Zubiri allays fears of ‘maldistribution’ with bill on LGUs’ vaccine purchase
MANILA, Philippines — Senate Majority Leader Juan Miguel Zubiri on Friday allayed fears of a group of healthcare practitioners over a possible “maldistribution” of vaccines if a bill seeking to expedite local government units’ (LGUs) vaccine procurement is passed.
Zubiri, in a statement, assured that the bill would not give LGUs precedence over the national government in terms of vaccine procurement, contrary to the sentiments of the Healthcare Professionals Alliance Against Covid-19 (HPAAC).
“National government pa rin ang masusunod — LGUs still need to follow the national guidelines for vaccine deployment set by the Department of Health and the National Task Force against COVID-19. So no one should fear inequitable distribution,” he said.
Whether the vaccines are procured by the national government, frontliners “will still be prioritized for vaccination,” according to the senator.
“The vaccines purchased by LGUs will augment the supply of the national government. LGUS who will not be able to purchase vaccines on their own will still be covered by the national government vaccine rollout,” he added.
HPAAC earlier thumbed down Zubiri’s Senate Bill No. 2042, saying it could lead to “maldistribution” of vaccines and higher jab prices.
“When LGUs… are allowed to procure on their own, then priorities will be defined by capacity to pay rather than need for the vaccine,” Dr. Antonio Dans of the HPAAC told senators during a Senate hearing Thursday.
Under the bill, the LGUs ”may directly” procure their vaccines. LGUs will also be exempted from certain provisions under the country’s procurement rules.

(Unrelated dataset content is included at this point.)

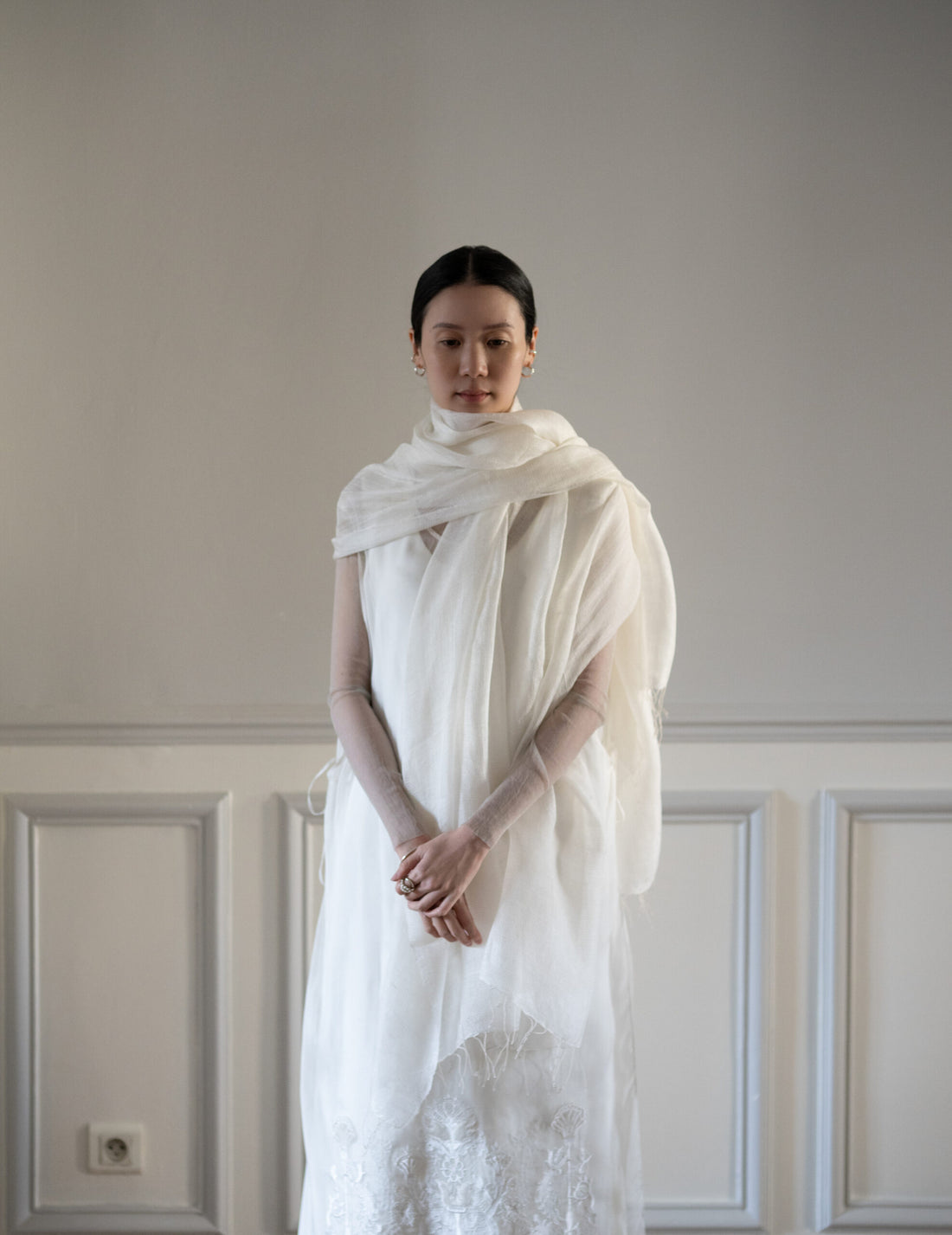 KHADI & CO | Silk Linen Blend Shawl・White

For example, the measure would allow LGUs to make an advance payment of not more than 50 percent of the contract price “if required by the supplier, manufacturer, distributor, contractor or consultant.”
According to Zubiri, it was the LGUs that had requested for the bill.

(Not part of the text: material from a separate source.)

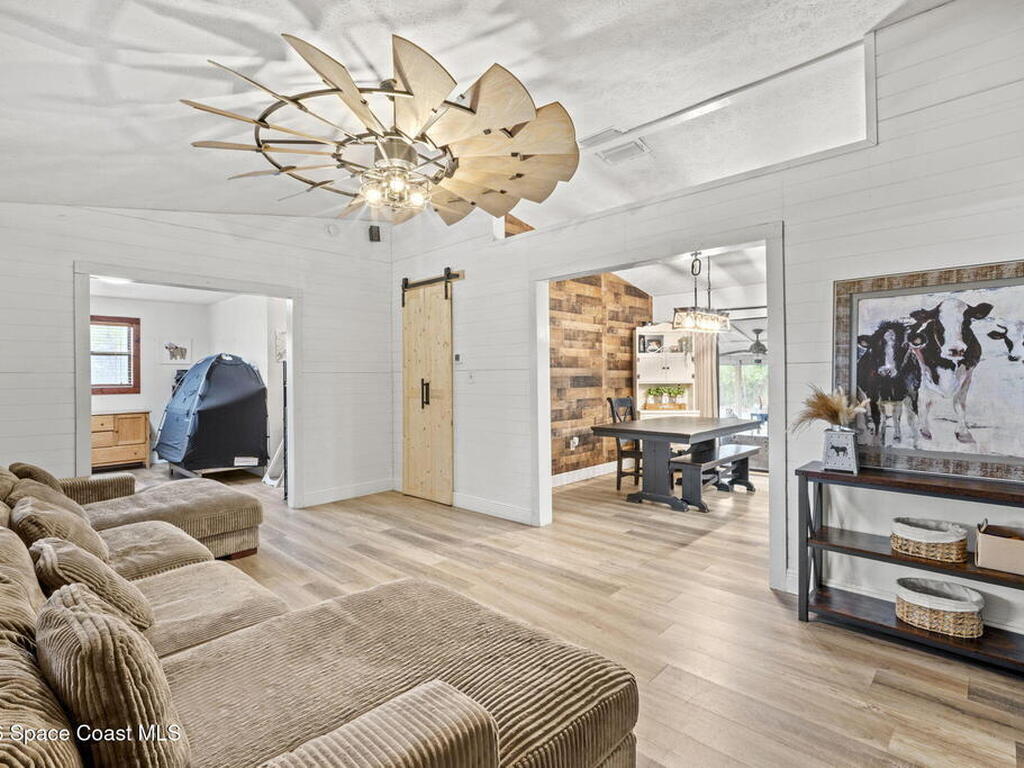 3416 Flounder Creek Road, Mims, FL 32754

“Around 70 local government units are in negotiations with vaccine suppliers and they need to deposit advance payments to secure them. Otherwise, we will lose the allocation,” he said.
Zubiri also said that the LGUs had requested that they be exempted from the requirement of purchasing goods and services from suppliers with the lowest bid.
“This is not possible with the COVID-19 vaccine as it is supply-driven. It is impossible because the lowest price is not always available,” he said.
“And let me stress again, this bill was requested by our LGUs, and it will only apply to our LGUs with tripartite agreements. So people do not need to worry about private entities taking advantage of this bill,” he added.
He noted that during the Senate committee hearing on the bill, both the Department of Health and the government’s Covid-19 task force expressed support for the measure because it would “assist them in the speedy roll out of the vaccines for the priority list of recipients.”
“The DOH mentioned that the vaccines given by the COVAX facility of the [World Health Organization] arriving this month is already prioritized for all the health care workers and frontliners of our country. Una talaga sila sa pag bigay nang vaccination so they have nothing to fear,” he added.
“We can put safeguards in the bill to make sure of that. But at this point in time everyone should do their part in helping the national government vaccinate as many people as possible starting with all those in the priority list of recipients,” Zubiri added.